Mauer durch Kurdistan

Der türkische Staat baut die Grenze zum Iran zu einer Festung aus. Leidtragende sind die Bauern in der Grenzregion. Der DBP-Politiker Ejder Ekinci glaubt nicht an Sicherheitsbedenken, vielmehr geht es um die kurdische Frage.

Vor 78 Jahren wurden auf Befehl des türkischen Generalleutnants Mustafa Muğlalı 33 Kurden in Wan an der Grenze zum Iran mit gefesselten Händen erschossen. Das Massaker vom 30. Juli 1943 am Rande des Baches Sefo wurde damit begründet, dass die Dorfbewohner Schmuggler seien und ständig illegal die türkisch-iranische Grenze überquert hätten. Erst als sieben Jahre später ein Überlebender von dem Massenmord berichtete, wurde Muğlalı zunächst zum Tode und später zu lebenslanger Freiheitsstrafe verurteilt.

Genau an dieser Stelle errichtet der türkische Staat eine Grenzmauer zwischen Nord- und Ostkurdistan. Das teilte Provinzgouverneur M. Emin Bilmez vor einigen Tagen mit. Bereits vorher sind Gräben gezogen und eine Verbotszone eingerichtet worden, daher können die Dorfbewohner ihr Land nicht bestellen und ihre Tiere nicht weiden lassen. Mit der Errichtung der Mauer werden die Anwohner einen Kilometer von der Grenze entfernt gehalten. Die Dorfbewohner, die Ländereien innerhalb des Sperrgebiets haben, erwartet eine schwere Zeit.

Regierungen ändern sich, aber der Staat bleibt“

Das Dorf Sirimli im Kreis Mehmûdî (tr. Saray) liegt in unmittelbarer Nähe zur iranischen Grenze. Die meisten der 33 erschossenen Kurden stammten von hier. Damals wie heute leiden sie unter dem staatlichen Vorgehen. Cizeyir Özkaplan hat bei dem Massaker vor 78 Jahren Verwandte verloren. Das damalige Blutbad ist nach wie vor unvergessen im Dorf, sagt er:. „33 Menschen sind unschuldig hingerichtet worden. Die Regierungen ändern sich, aber der Staat bleibt. Wir warten immer noch darauf, dass der Staat um Vergebung bittet. Stattdessen errichtet er jetzt eine Mauer, die zu weiterem Elend führen wird – als ob er das Massaker noch einmal bestätigen möchte.
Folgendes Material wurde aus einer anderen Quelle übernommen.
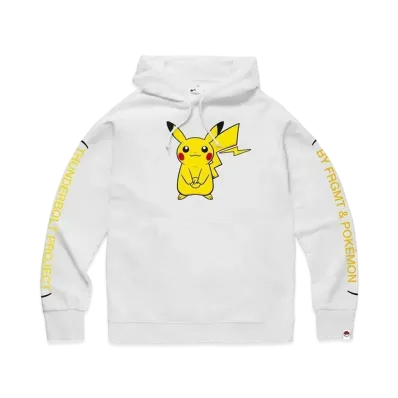 FRAGMENT x POKEMON THUNDERBOLT PROJECT PIKACHU HOODIE "White"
Die Menschen hier sind die Nachkommen der damals Ermordeten. Wir fordern bereits seit längerer Zeit, dass dort ein Mahnmal errichtet wird. Die Verbotszone ist jetzt noch ausgeweitet worden. Wir können immer noch nicht an den Ort des Massakers gehen und die Toten von damals haben seit 78 Jahren nicht einmal ein Grab.“

Die gesamte Region wird militärisches Sperrgebiet“

Laut Özkaplan ist an der Grenze zunächst Stacheldraht in einer Breite von fünf Metern gezogen worden, anschließend wurden tiefe Gräben errichtet. „Diese Gräben besetzen unser Gelände und schaden uns sehr. Wir leben hier von Ackerbau und Viehzucht und können unsere Tiere nicht weiden lassen. Das ist ein großes Problem für uns. Wenn die Mauer direkt auf der Grenzlinie verlaufen würde, wäre es etwas anderes, aber teilweise reicht sie 500 Meter auf unser Gelände und es soll verboten werden, sich der Mauer 500 Meter zu nähern. Das wäre das Ende für die Landwirtschaft hier. Die gesamte Region wird dann zu militärischem Sperrgebiet“, erklärt der Dorfbewohner.
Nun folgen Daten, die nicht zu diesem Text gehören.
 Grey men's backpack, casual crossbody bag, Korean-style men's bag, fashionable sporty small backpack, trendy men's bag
Wir haben Verwandte auf der anderen Seite“

Ein weiteres Problem für die Bevölkerung ist die ständige Schließung des Grenzübergangs Kapiköy, sagt Özkaplan: „Wir haben Verwandte auf der anderen Seite und besuchen uns gegenseitig bei Trauerfällen oder Hochzeiten. Die Verbindung unter uns soll jetzt vollständig gekappt werden. Es geht uns nicht um den Grenzhandel oder den Einkauf, aber wir sehen ja, dass jeden Tag Hunderte Flüchtlinge problemlos die Grenze überqueren. Wir können hingegen nicht einmal unsere Tiere auf die Weide bringen. Dadurch entstehen Fragezeichen im Kopf. Wie kann es sein, dass afghanische Flüchtlinge kommen und Tausende Menschen bis nach Wan gehen, aber wir unser Dorf nicht verlassen können?“

Das kurdische Volk soll gespalten werden“

Auch der DBP-Politiker Ejder Ekinci lehnt den Mauerbau ab. Er ist der Meinung, dass Sicherheit nicht mit einer Mauer, sondern nur mit Frieden und Geschwisterlichkeit gewährleistet werden kann: „Man kann das Land nicht mit einer auf Kurdenfeindlichkeit basierenden Politik entlang der von Kurden bewohnten Grenze sicherer machen. Anstatt Mauern an der Grenzlinie hochzuziehen und sich zum Feind unserer auf der anderen Seite der Grenze lebenden Nachbarn und Völker zu machen, muss für die Sicherheit des Landes sofort die reaktionäre, rassistische und expansionistische Politik im In- und Ausland beendet werden.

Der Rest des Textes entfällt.